Flanking is the capturing of your opponent's pieces. The flanking of the cells are done by determining the cells in between the move index. The getInBetweenCells method is the method for determining the list of in-between cells from a move. The moves parameter is made to be an array list so that it can handle the situations where more than one direction would be flanked from the move. The method fixSandwichedColor is the method which would change the color of the in-between cells.

Game Tree

For the construction of the game tree, this follows the minimax search strategy. The program is designed such that the game tree will be generated whenever the program has to make its move. Initially, the depth being dived is restricted to 6 plies and will increase by 2 every time it makes its move.
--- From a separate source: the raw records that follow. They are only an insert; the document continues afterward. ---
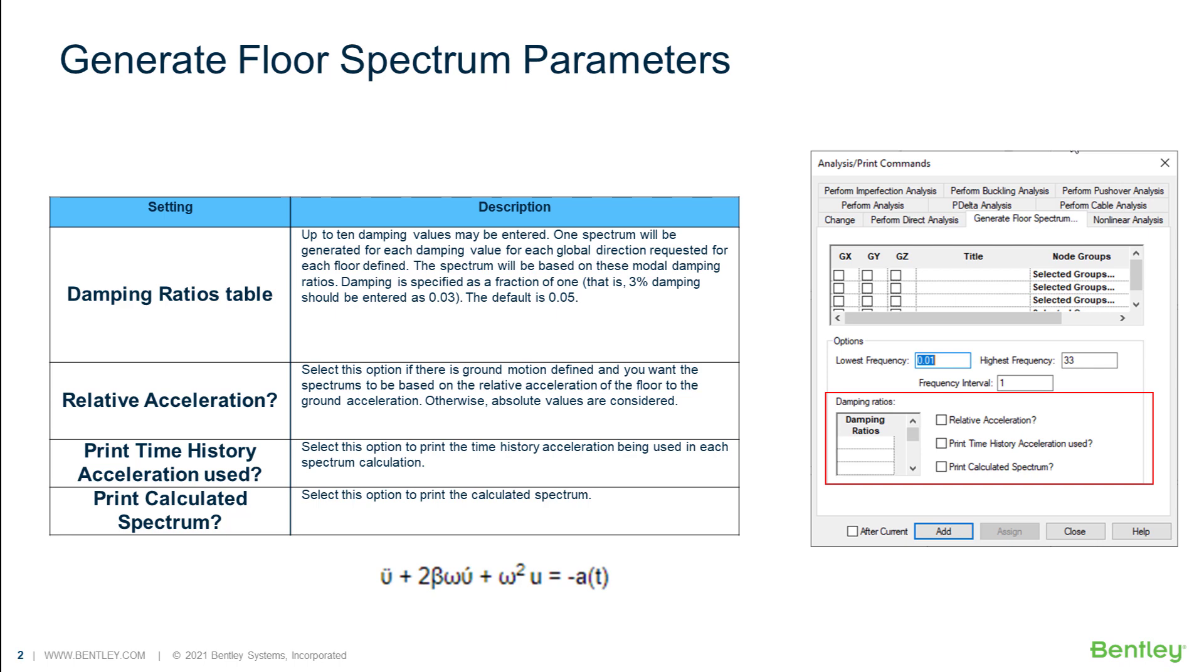Then we have the option to consider the relative acceleration. By default, the program will consider the absolute acceleration. Finally, the last option will print out some analysis detail in the output file.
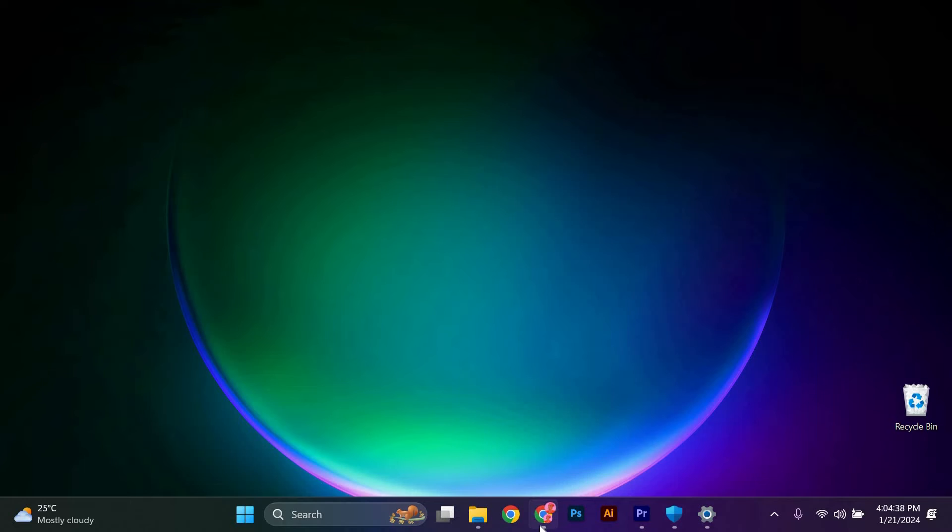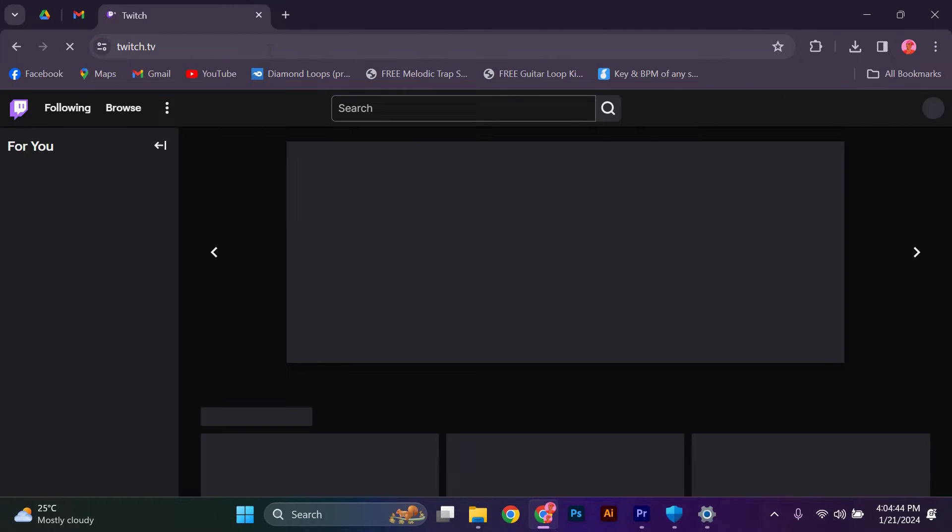First, open your web browser and on the URL type twitch.tv. Next, log in to your Twitch account.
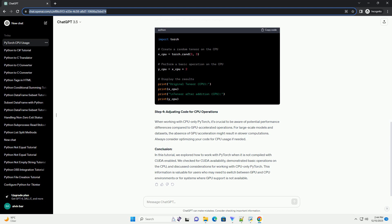Step 4: Adjusting Code for CPU Operations. When working with CPU-only PyTorch, it's crucial to be aware of potential performance differences compared to GPU-accelerated operations. For large-scale models and datasets, the absence of GPU acceleration might result in slower computations. Always consider optimizing your code for CPU usage if needed.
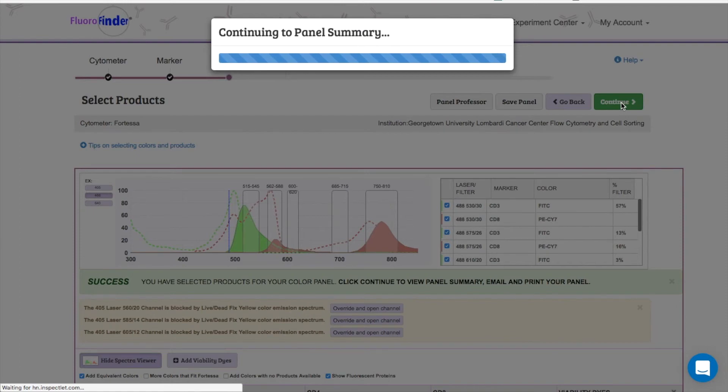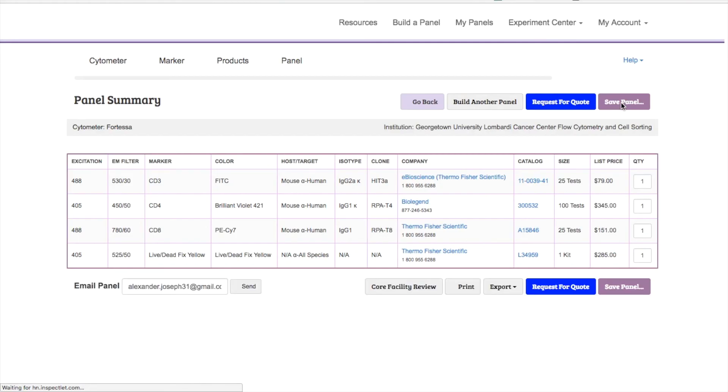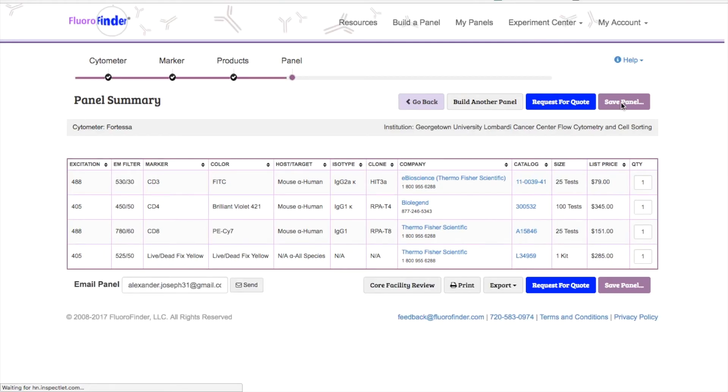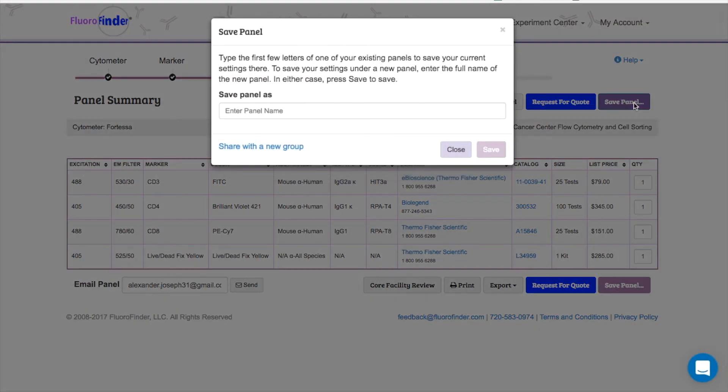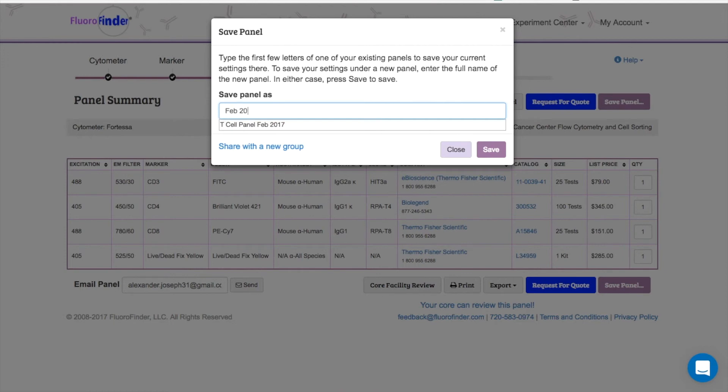The last step is the easiest. Here, you'll decide exactly what you want to do with your experiment. First and foremost, you should save your panel. This allows you to come back and see exactly what products you ordered, and to make edits to your panel in the future without having to start from scratch.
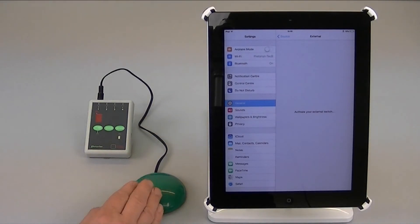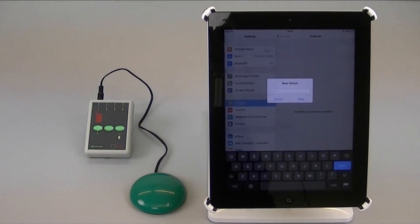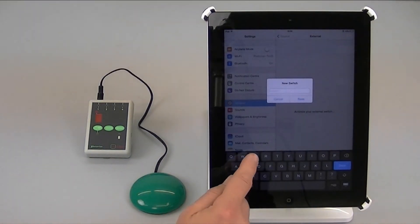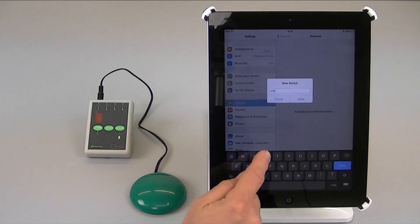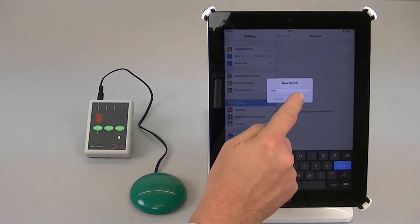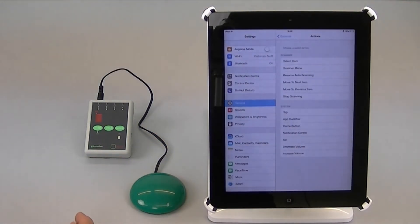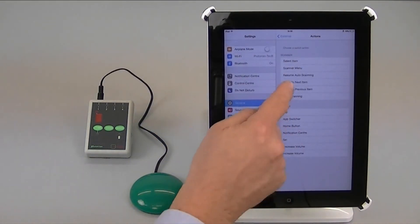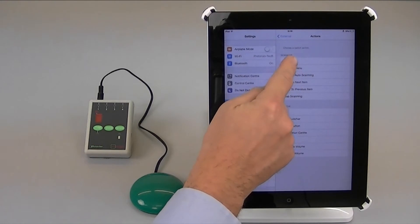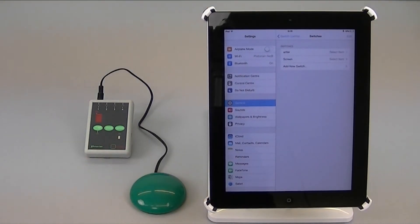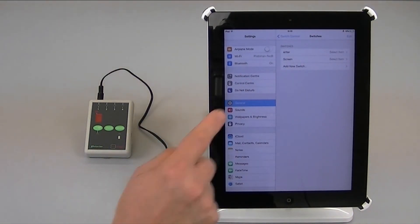So I press it briefly, it asks me to give it a name and as usual I'm going to call it enter, save, and as before for auto scanning I would set it to select item and there it is on the screen already.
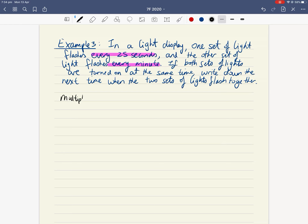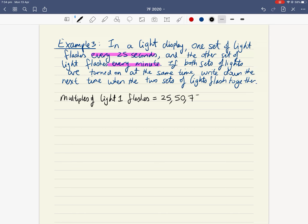Okay, so let's continue with example three, a complex word problem. So writing this down, example three says: in a light display — so like Christmas lights or some festival lights — one set of lights flashes every 25 seconds.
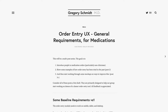Hi there. This is a multi-part series on order entry user interface for electronic medical records. The goal of this series is about threefold. The first is to introduce people to medication orders, specifically targeted at non-clinicians. The second is to show some examples of how order entry has been done traditionally in the past on electronic medical records. And the third is to start working through some mock-ups and examples on ways we can improve this.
If the node being visited at the frontier is a game-ending node or its depth is equal to maximum depth, then the evaluation function will be computed and will be assigned to the utility attribute. The computeUtility method computes the evaluation function of the board which would determine the utility of the terminal state. The evaluation function used is the number of cells that would be flanked if the move of the turn in the board is made.